──────── SOURCE MATERIAL ────────

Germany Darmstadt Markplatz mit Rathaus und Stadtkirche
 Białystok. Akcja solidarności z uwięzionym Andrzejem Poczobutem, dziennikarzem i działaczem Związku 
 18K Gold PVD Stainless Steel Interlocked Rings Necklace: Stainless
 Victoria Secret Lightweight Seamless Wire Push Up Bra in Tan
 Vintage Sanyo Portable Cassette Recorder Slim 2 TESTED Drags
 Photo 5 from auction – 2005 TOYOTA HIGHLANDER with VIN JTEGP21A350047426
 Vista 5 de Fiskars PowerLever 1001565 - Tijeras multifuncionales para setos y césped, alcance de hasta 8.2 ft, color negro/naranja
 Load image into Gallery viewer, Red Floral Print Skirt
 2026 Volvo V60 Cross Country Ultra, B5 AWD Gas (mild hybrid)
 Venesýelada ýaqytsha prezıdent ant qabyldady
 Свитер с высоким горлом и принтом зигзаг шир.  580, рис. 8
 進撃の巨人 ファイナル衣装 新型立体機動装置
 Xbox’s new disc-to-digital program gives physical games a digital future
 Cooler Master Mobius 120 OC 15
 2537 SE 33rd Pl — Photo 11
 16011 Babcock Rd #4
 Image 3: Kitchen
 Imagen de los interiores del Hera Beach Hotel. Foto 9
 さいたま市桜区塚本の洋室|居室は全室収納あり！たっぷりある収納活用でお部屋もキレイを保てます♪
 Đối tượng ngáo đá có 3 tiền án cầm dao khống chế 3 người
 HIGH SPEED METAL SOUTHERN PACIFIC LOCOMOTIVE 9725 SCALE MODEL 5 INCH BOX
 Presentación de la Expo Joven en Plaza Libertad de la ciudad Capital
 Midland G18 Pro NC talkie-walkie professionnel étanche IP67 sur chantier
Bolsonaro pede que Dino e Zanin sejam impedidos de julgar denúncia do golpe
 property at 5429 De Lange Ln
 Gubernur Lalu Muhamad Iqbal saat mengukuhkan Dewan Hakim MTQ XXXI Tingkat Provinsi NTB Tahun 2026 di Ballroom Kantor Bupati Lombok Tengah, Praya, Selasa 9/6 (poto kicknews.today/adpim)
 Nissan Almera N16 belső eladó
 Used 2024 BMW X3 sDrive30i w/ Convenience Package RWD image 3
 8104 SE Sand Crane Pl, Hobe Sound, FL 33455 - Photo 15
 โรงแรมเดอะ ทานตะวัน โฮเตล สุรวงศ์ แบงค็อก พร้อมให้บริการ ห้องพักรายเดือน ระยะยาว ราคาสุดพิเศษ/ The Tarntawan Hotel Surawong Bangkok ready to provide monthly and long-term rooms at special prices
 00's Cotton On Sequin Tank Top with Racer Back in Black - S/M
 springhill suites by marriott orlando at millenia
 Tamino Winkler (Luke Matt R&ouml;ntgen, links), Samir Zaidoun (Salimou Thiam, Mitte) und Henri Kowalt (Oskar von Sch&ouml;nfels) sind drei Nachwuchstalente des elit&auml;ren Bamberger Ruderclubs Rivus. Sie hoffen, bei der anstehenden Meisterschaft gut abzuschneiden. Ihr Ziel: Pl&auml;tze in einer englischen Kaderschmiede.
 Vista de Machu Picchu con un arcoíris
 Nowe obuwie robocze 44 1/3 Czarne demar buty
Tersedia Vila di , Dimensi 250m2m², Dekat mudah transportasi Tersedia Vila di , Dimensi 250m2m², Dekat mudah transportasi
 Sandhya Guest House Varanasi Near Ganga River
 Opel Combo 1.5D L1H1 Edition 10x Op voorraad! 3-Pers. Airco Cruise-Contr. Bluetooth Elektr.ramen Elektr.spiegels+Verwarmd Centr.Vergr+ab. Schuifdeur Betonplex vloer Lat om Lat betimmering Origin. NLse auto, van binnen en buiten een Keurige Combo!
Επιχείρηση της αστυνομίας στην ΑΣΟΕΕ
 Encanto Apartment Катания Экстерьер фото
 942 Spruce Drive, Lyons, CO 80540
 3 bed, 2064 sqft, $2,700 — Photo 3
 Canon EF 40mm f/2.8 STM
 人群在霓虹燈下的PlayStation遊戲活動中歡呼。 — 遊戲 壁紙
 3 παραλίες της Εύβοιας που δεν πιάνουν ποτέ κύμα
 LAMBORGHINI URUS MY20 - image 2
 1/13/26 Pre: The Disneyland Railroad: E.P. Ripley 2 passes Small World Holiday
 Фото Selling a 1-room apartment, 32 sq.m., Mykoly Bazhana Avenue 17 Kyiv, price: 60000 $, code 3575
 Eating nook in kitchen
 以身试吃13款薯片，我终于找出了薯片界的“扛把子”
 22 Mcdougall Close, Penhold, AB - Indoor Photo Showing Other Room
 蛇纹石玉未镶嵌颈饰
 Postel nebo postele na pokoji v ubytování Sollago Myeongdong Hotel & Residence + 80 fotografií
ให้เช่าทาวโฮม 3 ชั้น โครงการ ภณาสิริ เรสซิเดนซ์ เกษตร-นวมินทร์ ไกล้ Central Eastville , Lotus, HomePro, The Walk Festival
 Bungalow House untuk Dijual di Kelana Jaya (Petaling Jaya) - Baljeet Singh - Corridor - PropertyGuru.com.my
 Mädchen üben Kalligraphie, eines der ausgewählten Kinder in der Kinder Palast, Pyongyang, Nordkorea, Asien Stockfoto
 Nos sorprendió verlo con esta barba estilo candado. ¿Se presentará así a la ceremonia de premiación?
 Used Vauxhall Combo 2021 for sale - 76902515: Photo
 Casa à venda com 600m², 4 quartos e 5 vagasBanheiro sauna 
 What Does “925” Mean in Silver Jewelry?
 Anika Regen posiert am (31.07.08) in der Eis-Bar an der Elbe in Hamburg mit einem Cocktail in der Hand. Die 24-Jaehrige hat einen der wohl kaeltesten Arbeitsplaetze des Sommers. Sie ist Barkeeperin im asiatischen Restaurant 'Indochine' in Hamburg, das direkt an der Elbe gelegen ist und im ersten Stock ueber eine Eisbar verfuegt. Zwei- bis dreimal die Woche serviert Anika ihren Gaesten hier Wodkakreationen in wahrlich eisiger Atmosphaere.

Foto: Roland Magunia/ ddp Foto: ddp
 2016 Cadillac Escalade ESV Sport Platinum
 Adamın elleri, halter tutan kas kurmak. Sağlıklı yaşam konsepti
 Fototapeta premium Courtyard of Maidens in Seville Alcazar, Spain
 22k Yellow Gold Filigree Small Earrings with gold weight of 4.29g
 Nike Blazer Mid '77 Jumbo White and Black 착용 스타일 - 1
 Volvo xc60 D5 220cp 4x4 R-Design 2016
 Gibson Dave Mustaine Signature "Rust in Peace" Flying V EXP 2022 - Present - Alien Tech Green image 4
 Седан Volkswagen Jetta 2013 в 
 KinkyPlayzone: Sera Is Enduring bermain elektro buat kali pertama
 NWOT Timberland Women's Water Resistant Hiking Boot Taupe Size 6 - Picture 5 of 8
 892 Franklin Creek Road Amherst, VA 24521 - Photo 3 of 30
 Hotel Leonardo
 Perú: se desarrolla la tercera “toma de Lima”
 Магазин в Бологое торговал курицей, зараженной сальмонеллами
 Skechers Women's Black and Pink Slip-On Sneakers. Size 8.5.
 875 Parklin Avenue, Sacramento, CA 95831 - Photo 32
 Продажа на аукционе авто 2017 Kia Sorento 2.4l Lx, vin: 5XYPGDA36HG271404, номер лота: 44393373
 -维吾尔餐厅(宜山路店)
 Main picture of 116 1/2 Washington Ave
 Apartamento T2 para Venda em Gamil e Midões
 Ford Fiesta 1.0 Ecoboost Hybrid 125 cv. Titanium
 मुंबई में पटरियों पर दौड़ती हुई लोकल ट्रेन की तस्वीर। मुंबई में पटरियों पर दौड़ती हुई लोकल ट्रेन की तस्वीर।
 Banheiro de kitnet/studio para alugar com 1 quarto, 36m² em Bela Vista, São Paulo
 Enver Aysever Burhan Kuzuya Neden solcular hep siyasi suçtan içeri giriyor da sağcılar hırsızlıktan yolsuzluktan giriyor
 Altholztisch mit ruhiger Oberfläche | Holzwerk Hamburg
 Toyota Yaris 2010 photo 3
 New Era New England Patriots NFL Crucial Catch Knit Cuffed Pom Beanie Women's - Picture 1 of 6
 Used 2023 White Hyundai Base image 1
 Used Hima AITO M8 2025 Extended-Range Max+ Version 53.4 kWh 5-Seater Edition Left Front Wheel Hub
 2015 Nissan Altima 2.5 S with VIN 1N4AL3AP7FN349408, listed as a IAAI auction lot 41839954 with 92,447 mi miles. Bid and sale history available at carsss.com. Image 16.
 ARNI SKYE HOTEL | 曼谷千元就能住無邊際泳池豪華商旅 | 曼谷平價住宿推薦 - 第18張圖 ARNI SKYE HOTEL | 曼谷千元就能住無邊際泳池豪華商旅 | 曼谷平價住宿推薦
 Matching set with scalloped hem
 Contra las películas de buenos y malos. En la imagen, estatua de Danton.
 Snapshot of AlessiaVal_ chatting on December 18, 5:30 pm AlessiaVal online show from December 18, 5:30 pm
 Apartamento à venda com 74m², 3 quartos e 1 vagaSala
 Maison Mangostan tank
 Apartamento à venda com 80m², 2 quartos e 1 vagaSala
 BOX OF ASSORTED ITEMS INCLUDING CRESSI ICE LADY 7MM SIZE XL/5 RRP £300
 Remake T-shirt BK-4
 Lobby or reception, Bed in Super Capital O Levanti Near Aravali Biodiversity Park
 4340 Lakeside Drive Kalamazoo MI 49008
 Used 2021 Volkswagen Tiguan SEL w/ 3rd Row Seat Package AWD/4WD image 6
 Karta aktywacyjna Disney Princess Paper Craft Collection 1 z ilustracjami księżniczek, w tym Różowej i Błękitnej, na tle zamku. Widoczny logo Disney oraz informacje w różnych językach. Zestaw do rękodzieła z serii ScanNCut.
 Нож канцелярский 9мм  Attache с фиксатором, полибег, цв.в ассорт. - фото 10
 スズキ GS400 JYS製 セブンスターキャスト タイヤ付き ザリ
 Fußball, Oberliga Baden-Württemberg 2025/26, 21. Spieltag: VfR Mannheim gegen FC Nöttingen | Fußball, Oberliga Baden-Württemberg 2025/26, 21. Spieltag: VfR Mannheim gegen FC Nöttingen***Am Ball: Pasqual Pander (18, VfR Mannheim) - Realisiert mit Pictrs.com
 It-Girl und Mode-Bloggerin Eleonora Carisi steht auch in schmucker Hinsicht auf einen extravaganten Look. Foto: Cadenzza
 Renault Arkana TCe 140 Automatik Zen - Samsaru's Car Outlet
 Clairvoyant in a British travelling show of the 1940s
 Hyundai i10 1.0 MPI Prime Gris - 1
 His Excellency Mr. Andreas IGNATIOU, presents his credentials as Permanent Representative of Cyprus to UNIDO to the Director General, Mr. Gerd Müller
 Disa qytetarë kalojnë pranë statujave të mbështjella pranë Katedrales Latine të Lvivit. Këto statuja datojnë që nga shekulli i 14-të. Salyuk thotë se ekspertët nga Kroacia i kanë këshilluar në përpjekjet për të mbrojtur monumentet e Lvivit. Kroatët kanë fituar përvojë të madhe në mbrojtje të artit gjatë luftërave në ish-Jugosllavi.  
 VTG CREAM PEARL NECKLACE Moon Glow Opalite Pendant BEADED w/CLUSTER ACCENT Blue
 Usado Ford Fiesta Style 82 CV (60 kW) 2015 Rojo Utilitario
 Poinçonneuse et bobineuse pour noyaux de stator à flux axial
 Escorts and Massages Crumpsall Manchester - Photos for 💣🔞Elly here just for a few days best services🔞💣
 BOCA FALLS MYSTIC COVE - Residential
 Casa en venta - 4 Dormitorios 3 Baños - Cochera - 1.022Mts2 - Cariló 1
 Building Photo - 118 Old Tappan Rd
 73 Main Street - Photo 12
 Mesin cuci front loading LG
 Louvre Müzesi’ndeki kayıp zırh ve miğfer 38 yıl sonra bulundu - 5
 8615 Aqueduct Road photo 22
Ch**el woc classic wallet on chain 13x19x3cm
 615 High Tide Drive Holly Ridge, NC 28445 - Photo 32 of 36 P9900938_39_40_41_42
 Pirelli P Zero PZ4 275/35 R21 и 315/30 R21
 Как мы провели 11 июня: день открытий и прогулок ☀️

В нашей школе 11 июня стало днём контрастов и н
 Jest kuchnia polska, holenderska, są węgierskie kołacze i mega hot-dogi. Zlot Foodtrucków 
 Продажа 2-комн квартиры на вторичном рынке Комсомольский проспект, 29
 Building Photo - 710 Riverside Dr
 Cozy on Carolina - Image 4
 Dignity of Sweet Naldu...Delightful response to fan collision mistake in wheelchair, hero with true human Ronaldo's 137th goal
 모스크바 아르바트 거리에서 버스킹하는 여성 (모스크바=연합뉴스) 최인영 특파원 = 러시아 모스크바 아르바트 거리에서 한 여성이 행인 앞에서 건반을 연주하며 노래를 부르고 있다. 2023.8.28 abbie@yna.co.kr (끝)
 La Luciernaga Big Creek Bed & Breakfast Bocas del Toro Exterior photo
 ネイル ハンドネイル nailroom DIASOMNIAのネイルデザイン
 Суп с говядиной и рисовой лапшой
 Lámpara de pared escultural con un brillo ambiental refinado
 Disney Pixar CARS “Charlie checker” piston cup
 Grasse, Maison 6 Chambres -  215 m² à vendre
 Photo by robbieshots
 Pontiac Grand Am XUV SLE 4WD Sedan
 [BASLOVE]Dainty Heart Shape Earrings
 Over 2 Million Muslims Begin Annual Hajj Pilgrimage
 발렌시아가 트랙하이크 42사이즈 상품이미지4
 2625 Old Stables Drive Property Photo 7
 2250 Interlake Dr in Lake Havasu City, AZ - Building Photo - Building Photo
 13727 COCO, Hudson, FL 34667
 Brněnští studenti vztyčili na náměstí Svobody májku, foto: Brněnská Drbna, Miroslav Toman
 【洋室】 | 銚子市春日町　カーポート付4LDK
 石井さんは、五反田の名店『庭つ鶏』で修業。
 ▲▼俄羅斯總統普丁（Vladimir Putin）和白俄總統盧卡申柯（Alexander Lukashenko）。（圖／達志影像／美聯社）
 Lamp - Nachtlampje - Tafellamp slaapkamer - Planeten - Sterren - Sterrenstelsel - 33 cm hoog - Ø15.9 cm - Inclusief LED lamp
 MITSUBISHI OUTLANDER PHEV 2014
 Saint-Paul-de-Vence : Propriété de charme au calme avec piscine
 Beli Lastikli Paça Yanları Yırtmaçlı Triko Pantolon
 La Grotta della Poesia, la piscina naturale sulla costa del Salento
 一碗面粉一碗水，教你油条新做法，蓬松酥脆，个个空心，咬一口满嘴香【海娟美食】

────────

ACTIVITY: The expected answer is an exact copy of the lines above, beginning at the line with "Vista 5 de Fiskars" and ending at the line with "โรงแรมเดอะ ทานตะวัน โฮเตล", with both ends in.

TASK RESULT:
 Vista 5 de Fiskars PowerLever 1001565 - Tijeras multifuncionales para setos y césped, alcance de hasta 8.2 ft, color negro/naranja
 Load image into Gallery viewer, Red Floral Print Skirt
 2026 Volvo V60 Cross Country Ultra, B5 AWD Gas (mild hybrid)
 Venesýelada ýaqytsha prezıdent ant qabyldady
 Свитер с высоким горлом и принтом зигзаг шир.  580, рис. 8
 進撃の巨人 ファイナル衣装 新型立体機動装置
 Xbox’s new disc-to-digital program gives physical games a digital future
 Cooler Master Mobius 120 OC 15
 2537 SE 33rd Pl — Photo 11
 16011 Babcock Rd #4
 Image 3: Kitchen
 Imagen de los interiores del Hera Beach Hotel. Foto 9
 さいたま市桜区塚本の洋室|居室は全室収納あり！たっぷりある収納活用でお部屋もキレイを保てます♪
 Đối tượng ngáo đá có 3 tiền án cầm dao khống chế 3 người
 HIGH SPEED METAL SOUTHERN PACIFIC LOCOMOTIVE 9725 SCALE MODEL 5 INCH BOX
 Presentación de la Expo Joven en Plaza Libertad de la ciudad Capital
 Midland G18 Pro NC talkie-walkie professionnel étanche IP67 sur chantier
Bolsonaro pede que Dino e Zanin sejam impedidos de julgar denúncia do golpe
 property at 5429 De Lange Ln
 Gubernur Lalu Muhamad Iqbal saat mengukuhkan Dewan Hakim MTQ XXXI Tingkat Provinsi NTB Tahun 2026 di Ballroom Kantor Bupati Lombok Tengah, Praya, Selasa 9/6 (poto kicknews.today/adpim)
 Nissan Almera N16 belső eladó
 Used 2024 BMW X3 sDrive30i w/ Convenience Package RWD image 3
 8104 SE Sand Crane Pl, Hobe Sound, FL 33455 - Photo 15
 โรงแรมเดอะ ทานตะวัน โฮเตล สุรวงศ์ แบงค็อก พร้อมให้บริการ ห้องพักรายเดือน ระยะยาว ราคาสุดพิเศษ/ The Tarntawan Hotel Surawong Bangkok ready to provide monthly and long-term rooms at special prices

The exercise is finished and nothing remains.